**Data segment**

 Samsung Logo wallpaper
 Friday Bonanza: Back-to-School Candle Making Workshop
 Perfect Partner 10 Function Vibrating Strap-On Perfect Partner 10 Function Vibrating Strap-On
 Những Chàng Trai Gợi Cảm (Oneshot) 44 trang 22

**Task directions**
Repeat all of the material, exactly as it reads.

**Reply**
 Samsung Logo wallpaper
 Friday Bonanza: Back-to-School Candle Making Workshop
 Perfect Partner 10 Function Vibrating Strap-On Perfect Partner 10 Function Vibrating Strap-On
 Những Chàng Trai Gợi Cảm (Oneshot) 44 trang 22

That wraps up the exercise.